Tuesday, August 21, 2007

Sunflowers in the Midst of a Sun Starved Summer

This summer has been challenging. The challenge exists in a number of forms.

One is that I worked hard. And by hard I don't mean I worked my muscles and bones and sweat hard. Working hard, in this case, meant running around making sure everything was in order and stayed in order so that families and kids were happy with the programming we were providing. I coordinated the hell out of summer programs. I rocked those summer programs and now I feel worked. Working hard meant playing less though. Weekends were far and few between and when they came, they seemed to leave again far too soon. And now we are here in August, almost the end, and finally, finally things are slowing down.

A second challenge was the weather this summer. We are having an unusually cool, wet summer here in the Northwest. I know it's not true for all Northwesterners, but many of us NEED the warm, dry days of summer to finally get the cool damp out of our bones and help us feel alive and healthy. The balance of the seasons here is part of what I love about it. Cool, damp, green winters give way to warm, dry and still-green-with-speckles-of-a-zillion-flower-colors summers. What will I do if the warm days dont come and bathe us throughout September?
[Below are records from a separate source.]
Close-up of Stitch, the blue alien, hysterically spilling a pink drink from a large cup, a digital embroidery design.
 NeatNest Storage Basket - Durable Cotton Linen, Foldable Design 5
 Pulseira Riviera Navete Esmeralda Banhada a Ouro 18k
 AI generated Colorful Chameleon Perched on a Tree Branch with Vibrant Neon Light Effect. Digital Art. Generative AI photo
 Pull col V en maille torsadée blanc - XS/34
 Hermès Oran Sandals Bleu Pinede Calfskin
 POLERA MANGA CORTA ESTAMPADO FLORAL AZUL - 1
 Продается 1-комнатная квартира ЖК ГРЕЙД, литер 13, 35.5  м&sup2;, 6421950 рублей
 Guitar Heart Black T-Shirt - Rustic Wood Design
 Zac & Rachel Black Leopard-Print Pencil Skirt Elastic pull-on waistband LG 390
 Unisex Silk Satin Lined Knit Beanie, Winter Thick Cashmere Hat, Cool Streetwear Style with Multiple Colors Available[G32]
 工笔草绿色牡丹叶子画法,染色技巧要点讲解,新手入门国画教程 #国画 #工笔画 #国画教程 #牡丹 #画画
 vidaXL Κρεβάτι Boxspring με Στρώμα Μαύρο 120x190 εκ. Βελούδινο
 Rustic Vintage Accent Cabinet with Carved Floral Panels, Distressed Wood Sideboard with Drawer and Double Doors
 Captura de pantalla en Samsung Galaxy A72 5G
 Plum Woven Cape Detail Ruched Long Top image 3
I will go to Italy and France.

I bought myself a huge birthday present with some birthday gift money, and other money I simply don't have, but will have to manifest for this special gift to ME. Warm Italy calls my name in such a big way I can hardly stand the wait...ten days from today I fly out to Paris. Hope to grab Lacey and head south to Italy to see Matteo and hop around Italy. Time will tell how that adventure unfolds.

I live for a thousand reasons but most vividly, these days: my garden and Mr. Finno (and P,J&T of course). That's Huckberry Finn, the sweet super feline who Jedi has fallen in love with and Tallis is still deciding how she feels about. Here is a glimpse of the sweetness that melts my heart when this kitten and dog play.



The heirloom tomatoes in our garden are beginning to show some red and purple hues to their skin. A sign of the deliciousness that will come. Shit, I hope I am not away for their ripening. The sungolds are so wild they are knocking over my homemade support network. Little green moons everywhere that sleep in a green bed by night and turn into bursts of orange and yellow when the sun peeks its pretty face.

A real deal compost palace. Pete wants to name it Cedargrove...I told him someone already claimed that name, but he didn't care. Thing is, its literally in a cedar grove. The picture is Pete's desire that it look like the old logging pics where the people look serious about their tools and their work. The only thing I am serious about is composting a shit-ton so we can feed our garden with it next season.

Okay I am also serious about other things like wanting to begin work on our house and having a baby in the next few years and living abroad and eating healthy food and living somewhere I can afford and being less stubborn in disagreements with my sweetie and believing and trusting and accepting and loving and being wild and being silly and being creative. I am serious. If I am serious and I will it and I trust it and believe it, anything can be.